Consider a long taut horizontal string of great length. Suppose one end is in the hand of a person and the other is fixed to an immobile object. Now suppose that the person moves her hand up and down. The person causes her hand, and her end of the string, to oscillate up and down. To discuss what happens, we, in our mind, consider the string to consist of a large number of very short string segments. It is important to keep in mind that the force of tension of a string segment exerted on any object, including another segment of the string, is directed away from the object along the string segment that is exerting the force. (The following discussion and diagrams are intentionally oversimplified. The discussion does correctly give the gross idea of how oscillations at one end of a taut string can cause a pattern to move along the length of the string despite the fact that the individual bits of string are essentially doing nothing more than moving up and down.

The person is holding one end of the first segment. She first moves her hand upward. This tilts the first segment so that the force of tension that it is exerting on the second segment has an upward component. This, in turn, tilts the second segment so that its force of tension on the third segment now has an upward component.
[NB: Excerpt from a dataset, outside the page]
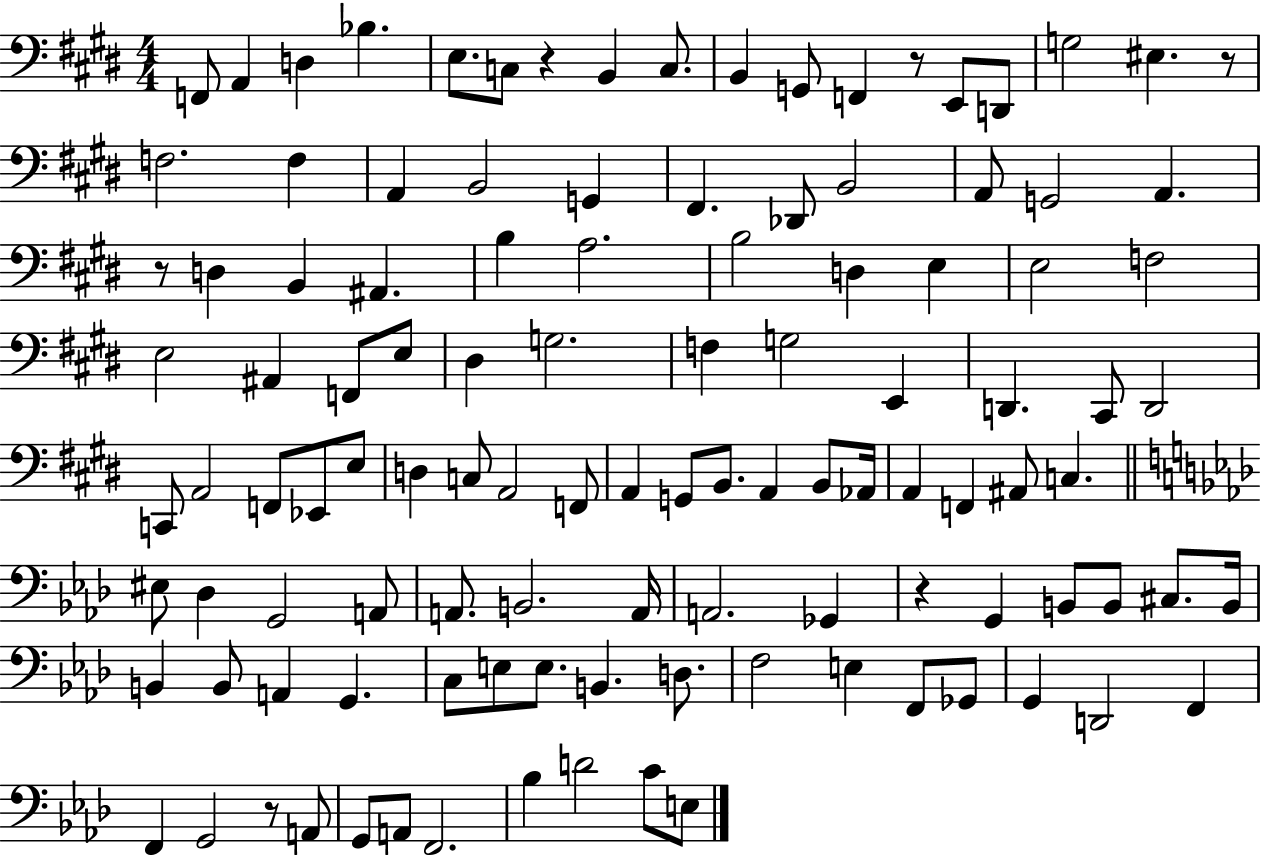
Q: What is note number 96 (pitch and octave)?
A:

The process continues with the 3rd segment, the 4th segment, etc. After reaching the top of the oscillation, the person starts moving her hand downward. She moves the left end of the first segment downward, but by this time, the first four segments have an upward velocity. Due to their inertia, they continue to move upward. The downward pull of the first segment on the left end of the second segment causes it to slow down, come to rest, and eventually start moving downward. Inertia plays a huge role in wave propagation. “To propagate” means “to go” or “to travel.” Waves propagate through a medium.   Each very short segment of the string undergoes oscillatory motion like that of the hand, but for any given section, the motion is delayed relative to the motion of the neighboring segment that is closer to the hand. The net effect of all these string segments oscillating up and down, each with the same frequency but slightly out of synchronization with its nearest neighbor, is to create a disturbance in the string. Without the disturbance, the string would just remain on the original horizontal line. The disturbance moves along the length of the string, away from the hand. The disturbance is called a wave. An observer, looking at the string from the side sees crests and troughs of the disturbance, moving along the length of the string, away from the hand. Despite appearances, no material is moving along the length of the string, just a disturbance. The illusion that actual material is moving along the string can be explained by the timing with which the individual segments move up and down, each about its own equilibrium position, the position it was in before the person started making waves.

# Wave Characteristics

In our pictorial model above, we depicted a hand that was oscillating but not undergoing simple harmonic motion. If the oscillations that are causing the wave do conform to simple harmonic motion, then each string segment making up the string will experience simple harmonic motion (up and down). When individual segments making up the string are each undergoing simple harmonic motion, the wave pattern is said to vary sinusoidally in both time and space. We can tell that it varies sinusoidally in space because a graph of the displacement $$y$$, the distance that a given point on the string is above its equilibrium position, versus $$x$$, how far from the end of the string the point on the string is; for all points on the string; is sinusoidal. We say that the wave varies sinusoidally with time because, for any point along the length of the string, a graph of the displacement of that point from its equilibrium position vs. time is sinusoidal: There are a number of ways of characterizing the wave-on-a-string system. You could probably come up with a rather complete list yourself: the rate at which the oscillations are occurring, how long it takes for a given tiny segment of the string to complete one oscillation, how big the oscillations are, the smallest length of the unique pattern which repeats itself in space, and the speed at which the wave pattern travels along the length of the string. Physicists have, of course, given names to the various quantities, in accordance with that important lowest level of scientific activity—naming and categorizing the various characteristics of that aspect of the natural world which is under study. Here are the names:

# Amplitude

Any particle of a string with waves traveling through it undergoes oscillations. Such a particle goes away from its equilibrium position until it reaches its maximum displacement from its equilibrium position. Then it heads back toward its equilibrium position and then passes right through the equilibrium position on its way to its maximum displacement from equilibrium on the other side of its equilibrium position. Then it heads back toward the equilibrium position and passes through it again. This motion repeats itself continually as long as the waves are traveling through the location of the particle of the string in question. The maximum displacement of any particle along the length of the string, from that point’s equilibrium position, is called the amplitude $$y_{\max}$$ of the wave.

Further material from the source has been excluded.